Task to complete. When you copy the material below, keep every line exact and omit the pictures.

Record set.
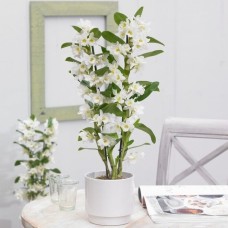 Orchid Dendrobium Nobile Apollon - 55-70cm (Incl. Pot)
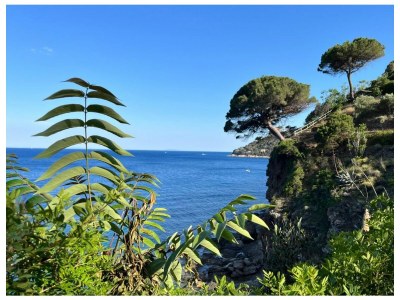 Apartment Villa Il Guardingo - Environment photo 74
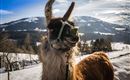 Ein neugieriges Lama steht im Schnee mit einer malerischen Berglandschaft im Hintergrund. Der Himmel ist klar und die Sonne scheint.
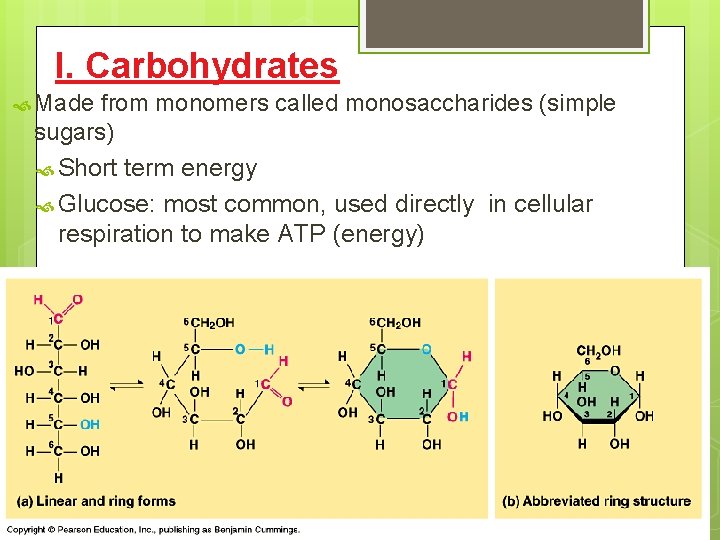 I. Carbohydrates Made from monomers called monosaccharides (simple sugars) Short term energy Glucose: most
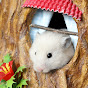 The Secret Life of my Hamster YouTube channel thumbnail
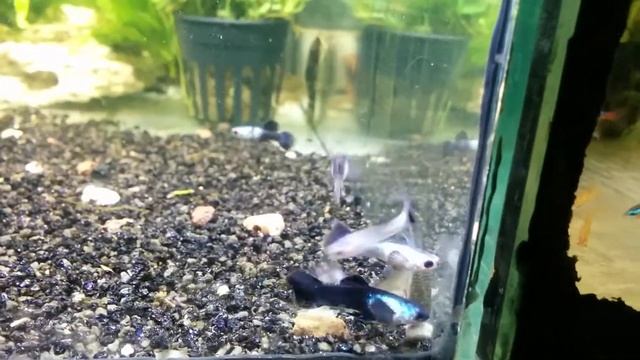 Гуппи Панда Слоновьи Уши (Guppy Panda), самцы и самки смотреть онлайн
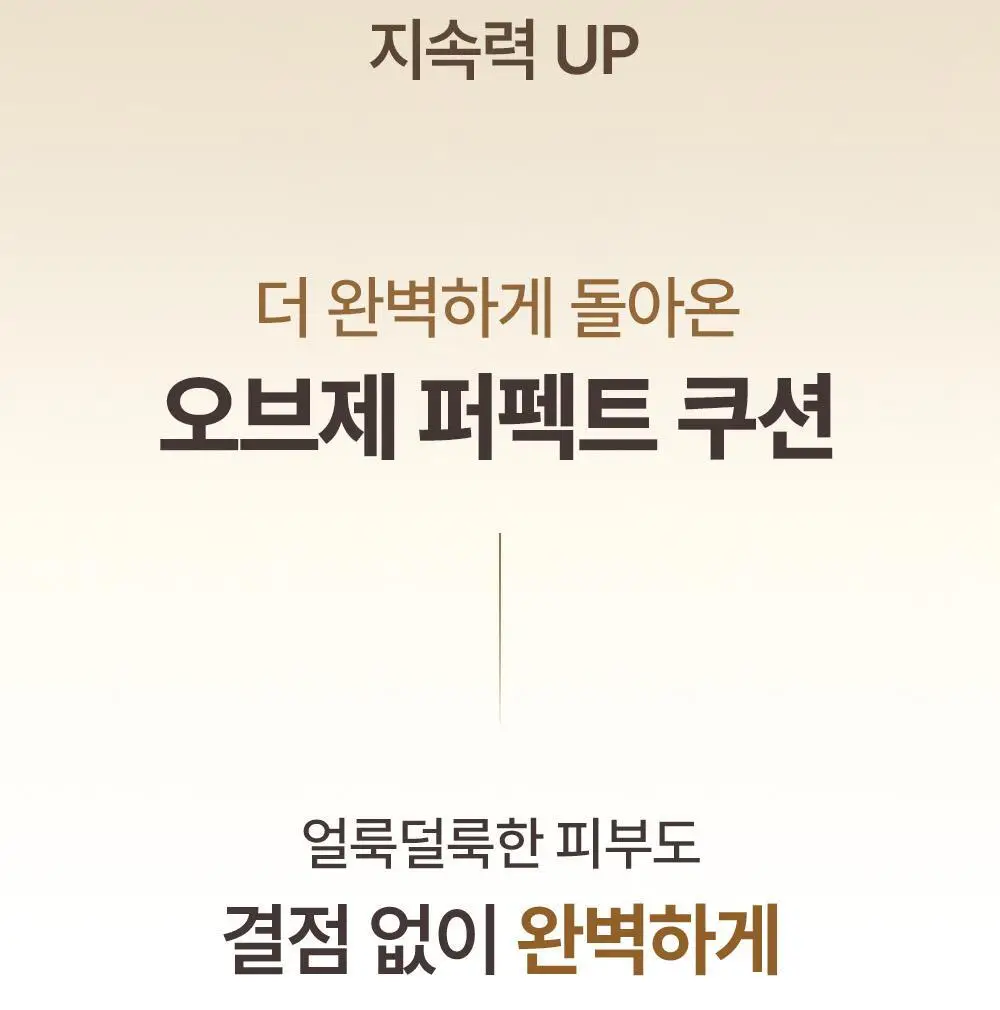 [NEW/덱스PICK] 오브제 퍼펙트 커버 쿠션 15g 상세페이지 4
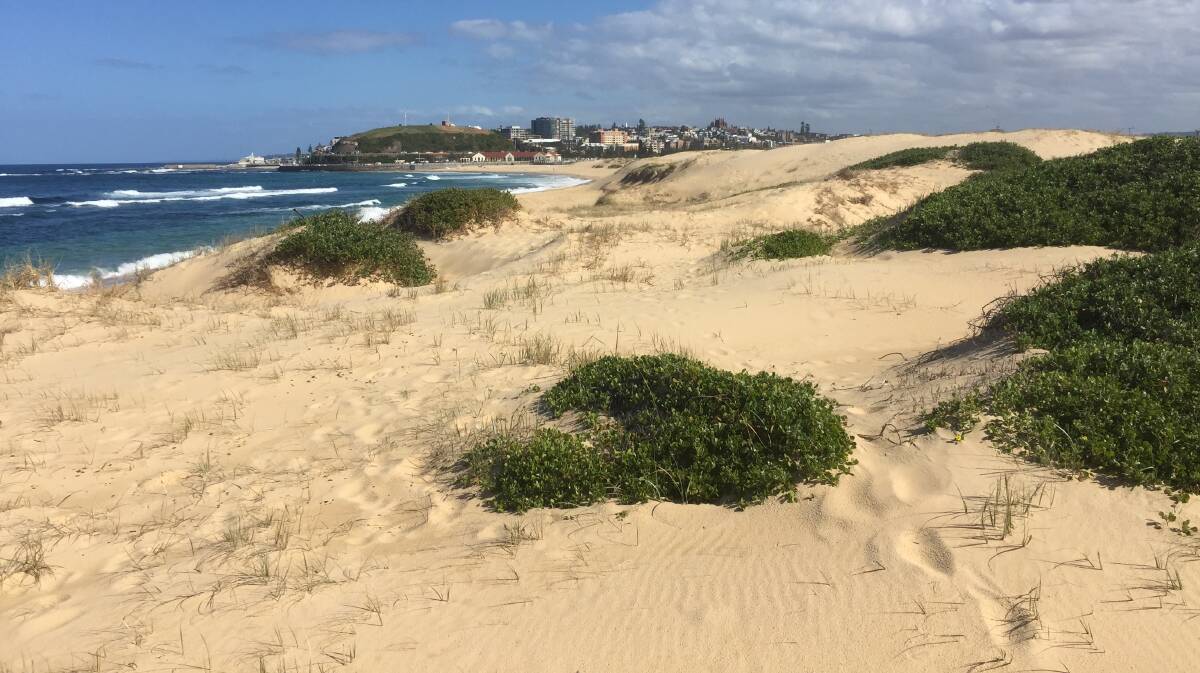 NOBBYS DUNES: It's worth a walk up here, as I did to take these pictures in August last year, to get a feel for the sheer amount of sand that has built up under the lee of Nobbys headland. Picture: Ian Kirkwood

Output.
 Orchid Dendrobium Nobile Apollon - 55-70cm (Incl. Pot)
 Apartment Villa Il Guardingo - Environment photo 74
 Ein neugieriges Lama steht im Schnee mit einer malerischen Berglandschaft im Hintergrund. Der Himmel ist klar und die Sonne scheint.
 I. Carbohydrates Made from monomers called monosaccharides (simple sugars) Short term energy Glucose: most
 The Secret Life of my Hamster YouTube channel thumbnail
 Гуппи Панда Слоновьи Уши (Guppy Panda), самцы и самки смотреть онлайн
 [NEW/덱스PICK] 오브제 퍼펙트 커버 쿠션 15g 상세페이지 4
 NOBBYS DUNES: It's worth a walk up here, as I did to take these pictures in August last year, to get a feel for the sheer amount of sand that has built up under the lee of Nobbys headland. Picture: Ian Kirkwood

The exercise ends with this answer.